Input for this task
*****

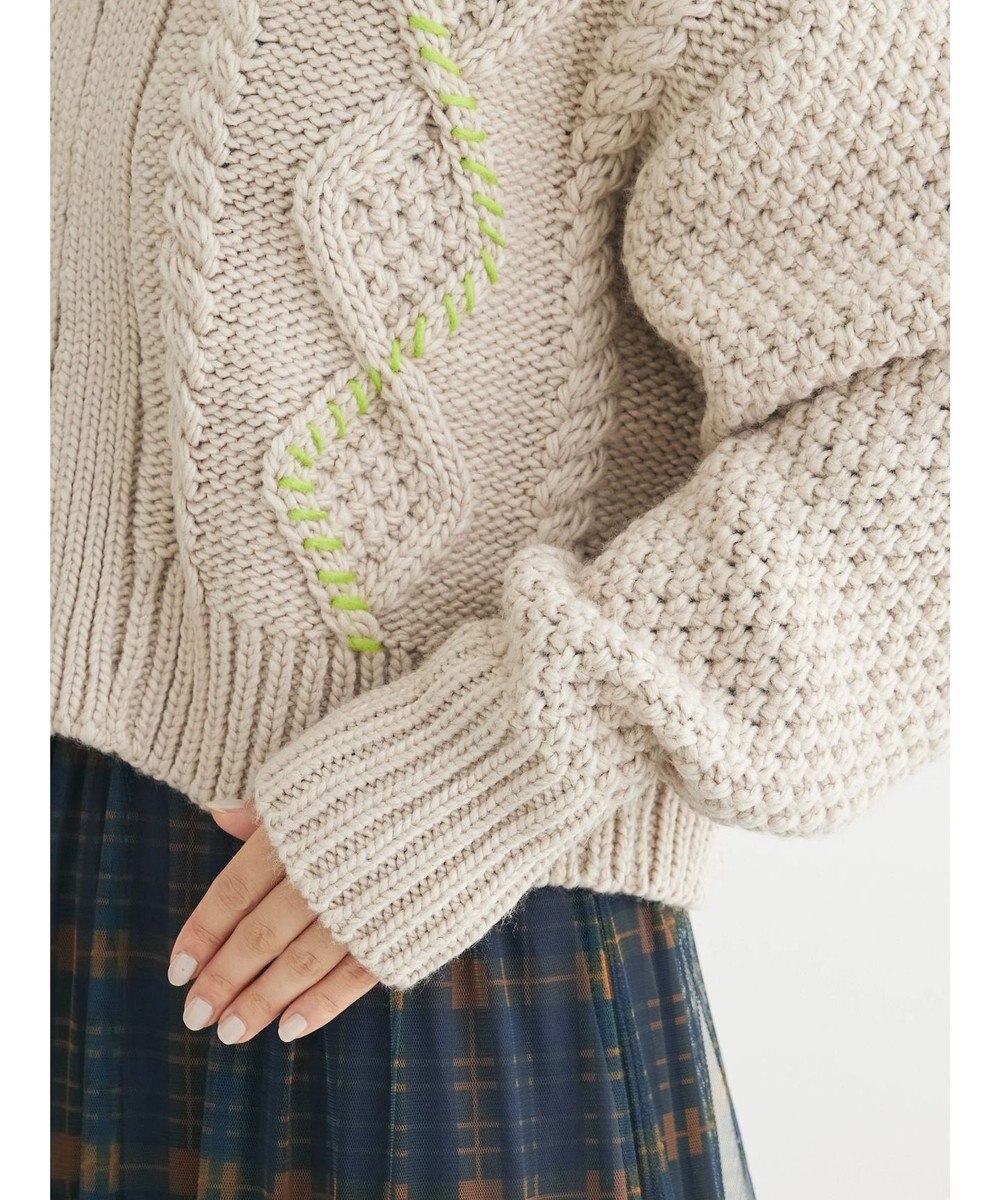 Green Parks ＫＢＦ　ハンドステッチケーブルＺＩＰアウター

*****

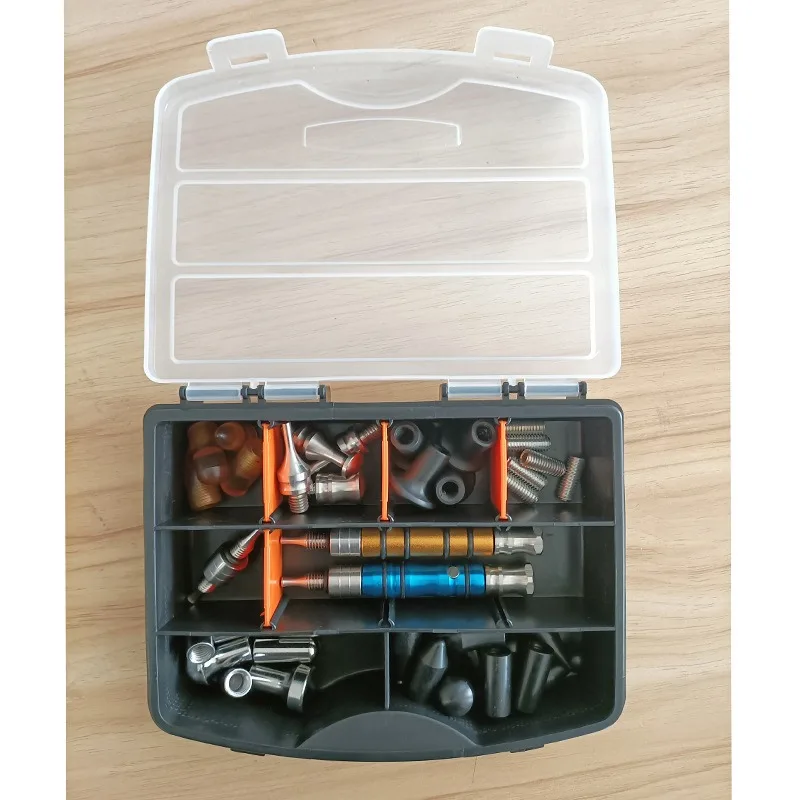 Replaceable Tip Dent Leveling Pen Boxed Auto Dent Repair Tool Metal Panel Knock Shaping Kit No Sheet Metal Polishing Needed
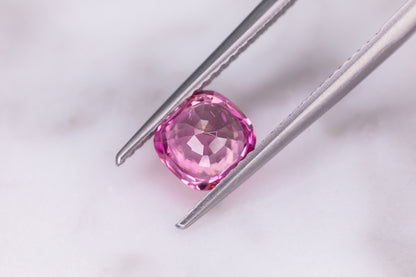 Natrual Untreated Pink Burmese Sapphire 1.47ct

*****

What you have to do
An exact copy is needed of the entries above, starting at the line that holds "Replaceable Tip Dent" and stopping at the line that holds "Natrual Untreated Pink", both kept; pictures stay out.

Result for this exercise
 Replaceable Tip Dent Leveling Pen Boxed Auto Dent Repair Tool Metal Panel Knock Shaping Kit No Sheet Metal Polishing Needed
 Natrual Untreated Pink Burmese Sapphire 1.47ct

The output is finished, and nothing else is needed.